:: DATA EXTRACTS ::
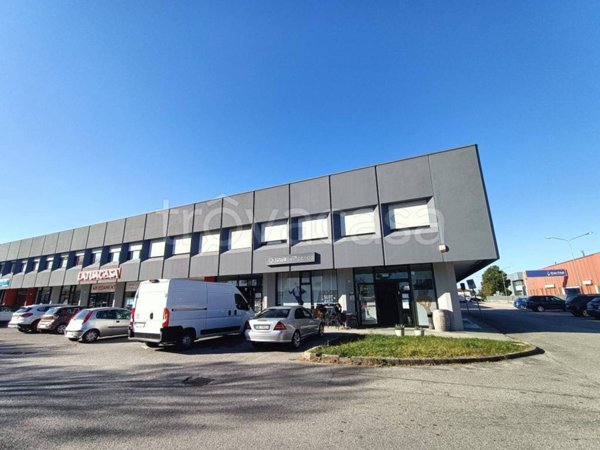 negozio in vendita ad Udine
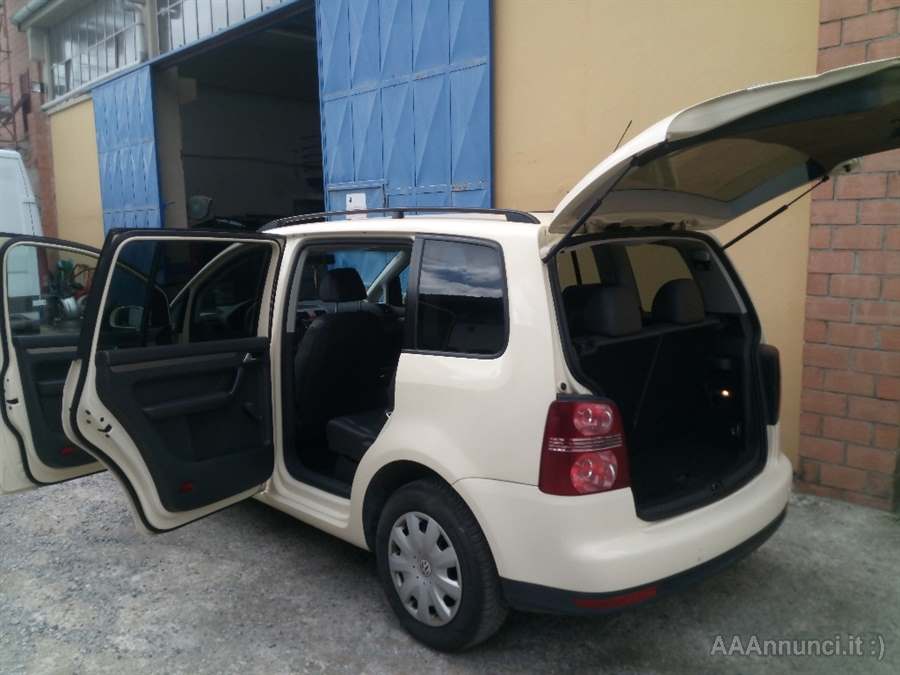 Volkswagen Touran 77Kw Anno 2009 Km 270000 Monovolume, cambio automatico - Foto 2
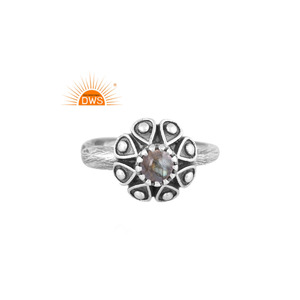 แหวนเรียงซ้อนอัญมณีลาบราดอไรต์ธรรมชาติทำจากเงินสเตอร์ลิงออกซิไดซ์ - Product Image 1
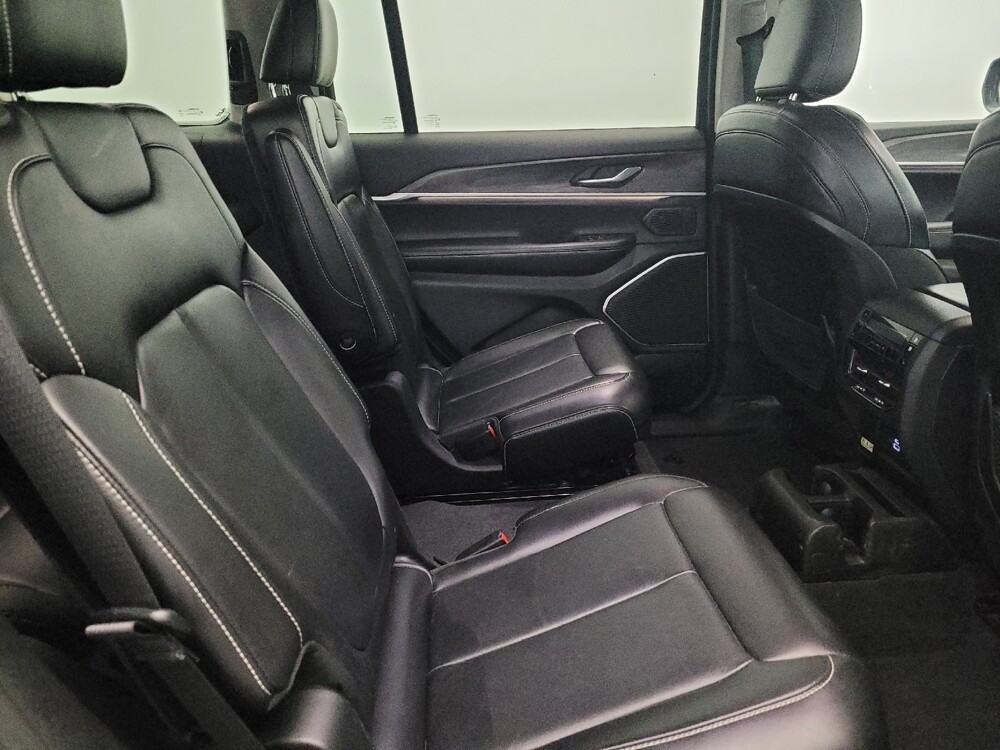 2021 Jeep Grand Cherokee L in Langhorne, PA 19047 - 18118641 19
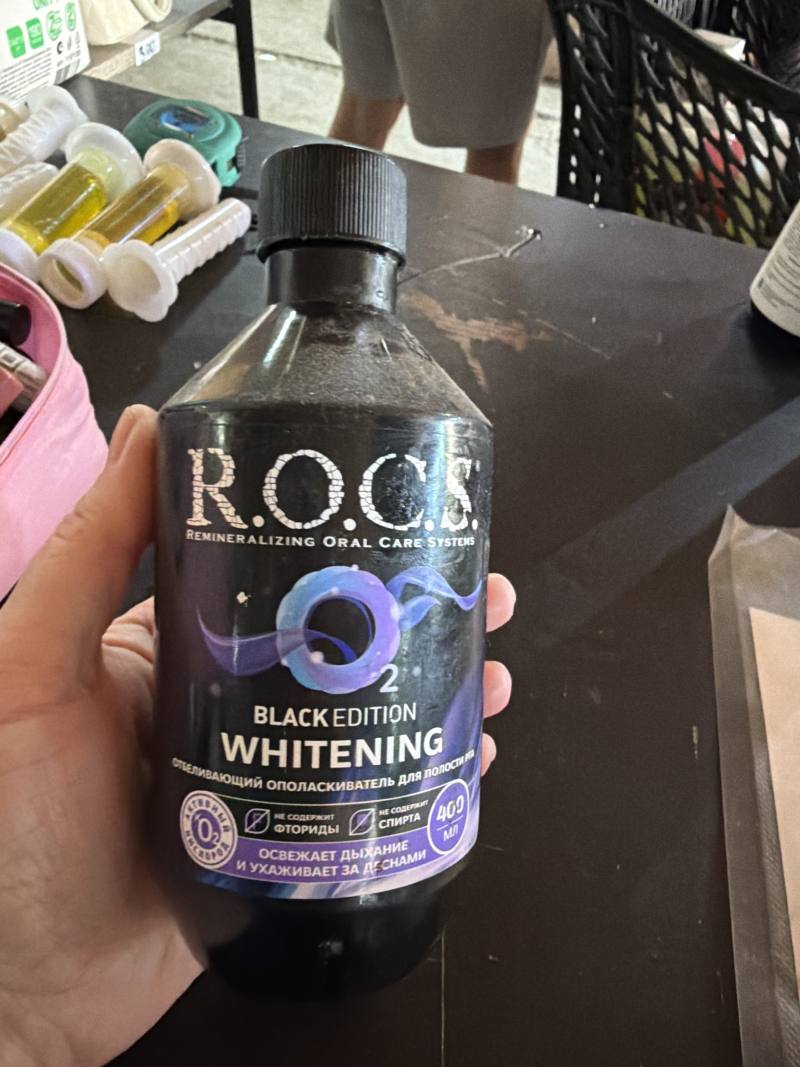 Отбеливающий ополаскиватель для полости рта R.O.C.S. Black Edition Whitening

:: THE TASK ::
In the data above, find the line containing "Product Image 1"; from there, please write out each line through the end, exactly, with the pictures omitted.

:: RESPONSE TO THE EXERCISE ::
 แหวนเรียงซ้อนอัญมณีลาบราดอไรต์ธรรมชาติทำจากเงินสเตอร์ลิงออกซิไดซ์ - Product Image 1
 2021 Jeep Grand Cherokee L in Langhorne, PA 19047 - 18118641 19
 Отбеливающий ополаскиватель для полости рта R.O.C.S. Black Edition Whitening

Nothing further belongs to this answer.